[Biojava-l] Fasta search parsing design

Keith James kdj@sanger.ac.uk
05 Dec 2000 12:39:02 +0000


Hi,

For now I'm going with the direct conversion of Fasta -m 10 search
output to biojava.bio.search objects as I want to keep it simple. So
far I've put together a FastaSearchParser which recognises various
elements from the search output and a FastaSearchProcessor (which
implements SearchParseListener) to respond to the parser by doing
'stuff'.

There's a few issues about representing the data as biojava.bio.search
result, hit and subhit objects if I use the interfaces there already.


Interface SeqSimilaritySearchResult

getSequenceDB() - there probably won't be a sensible SequenceDB object
if the search has been done externally. It could return null instead?
(the interface docs discourage this)

getSearcher() - again the interface docs discourage returning
null. Returning a Searcher could be okay if its getSearchableDBs()
returns an empty set, indicating that you can't actually run a search
because the database is external. Maybe omit the Searcher entirely and
allow getSearcher() to return null?


Interface SeqSimilaritySearchHit

getSubHits() - Fasta hits don't have subhits as such. However, you
could view them as a case where they are a hit which only ever
contains one subhit.

Fasta search output also contains extra information (several scores,
positions of the presented alignment in the query and subject
sequences, percent identity). I was thinking of maybe a sub-interface
to specify extra methods.
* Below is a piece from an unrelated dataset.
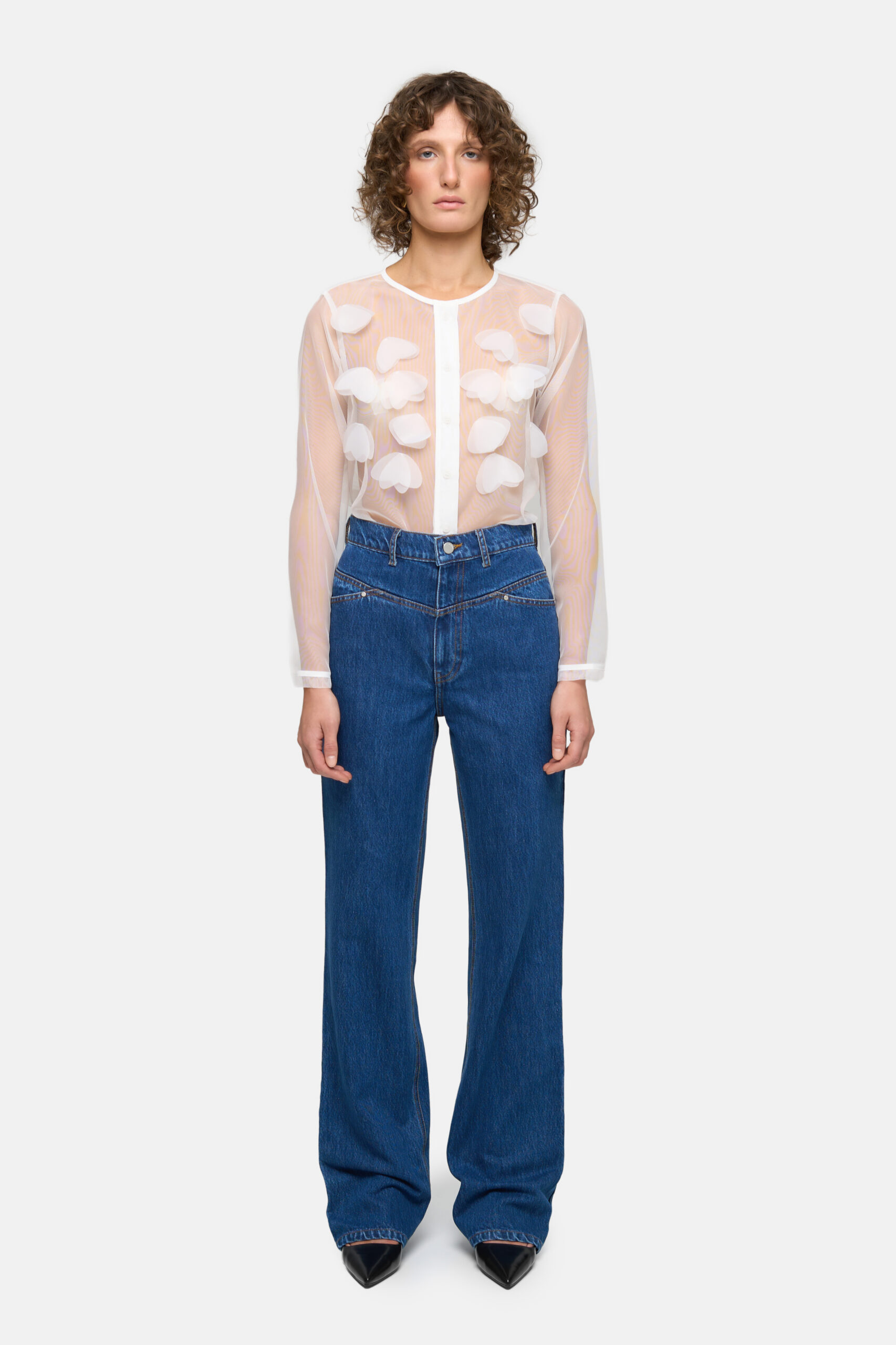 Straight Pocket Jeans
Incidentally, we find % id useful, but if
the alignment is retained you then have the same information in two
places (via a calculation), which is a bad thing I guess.

Also, not having written any Java before, I don't know what memory use
will be like for storing big lists of hits. I've seen Perl hoover up
rather a lot of memory dealing with unfiltered Blast output.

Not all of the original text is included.